Full-Text Engine

The SQL Server Full-Text Engine is a full-text indexing and search engine. In SQL Server 2008, the Full-Text Engine has been fully integrated into the Database Engine. The Full-Text Engine now resides in the SQL Server process (sqlservr.exe), rather than residing in a separate process (msftesql.exe). Integrating the Full-Text Engine into the Database Engine has improved full-text manageability, optimization of mixed query, and overall performance. For information about full-text search components that reside in the SQL Server process, see Full-Text Search Architecture.

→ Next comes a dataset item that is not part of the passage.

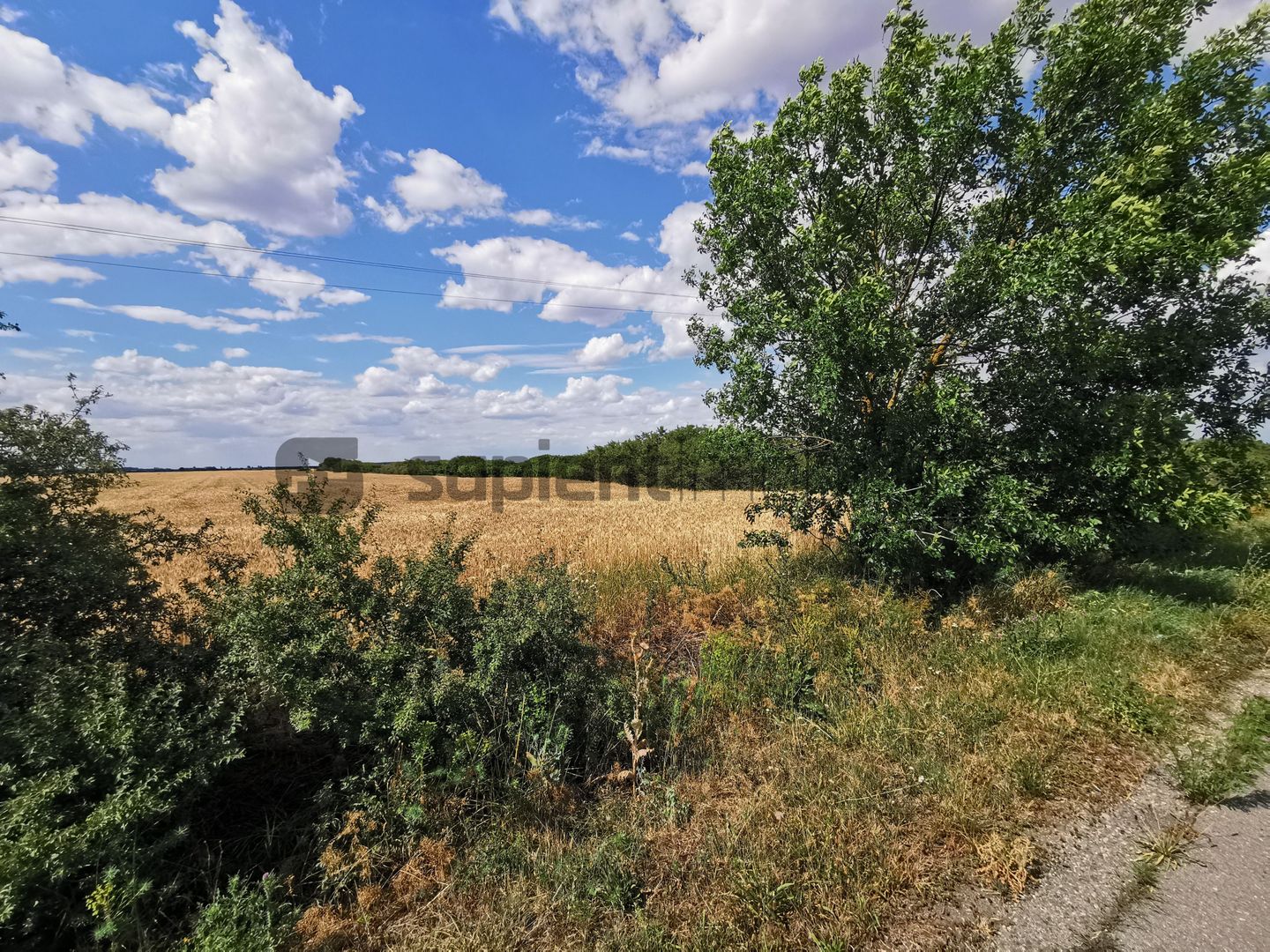 De vânzare teren extravilan, 11,600 mp, Salonta - Poză 6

SQL Server 2008 provides side-by-side installs of the Full-Text Engine. For each instance of SQL Server, there is a dedicated instance of the Full-Text Engine, including dedicated components such as word breakers and filters, resources such as memory, and configuration such as service-level settings at the instance level.

Function of the Full-Text Engine

The Full-Text Engine is responsible for reading from and writing to full-text indexes, which are now stored in SQL Server. The Full-Text Engine supports the following:

  • Indexing
    The Full-Text Engine performs a variety of indexing tasks, among them gathering data from the base table and sending the data to the filter daemon host for processing. The filter daemon host filters and tokenizes data provided by the full-text gatherer. After the data has been filtered and the words have been broken, the SQL Server process receives the results and indexes them as an inverted index structure that is stored in database as an internal table.  

  • Querying
    The Full-Text Engine processes full-text search queries and determines which entries (rows or documents) in the base table meet the full-text selection criteria. For each entry that meets the selection criteria, it returns the identity of each row along with an optional ranking value. This information is used to construct the query-result set.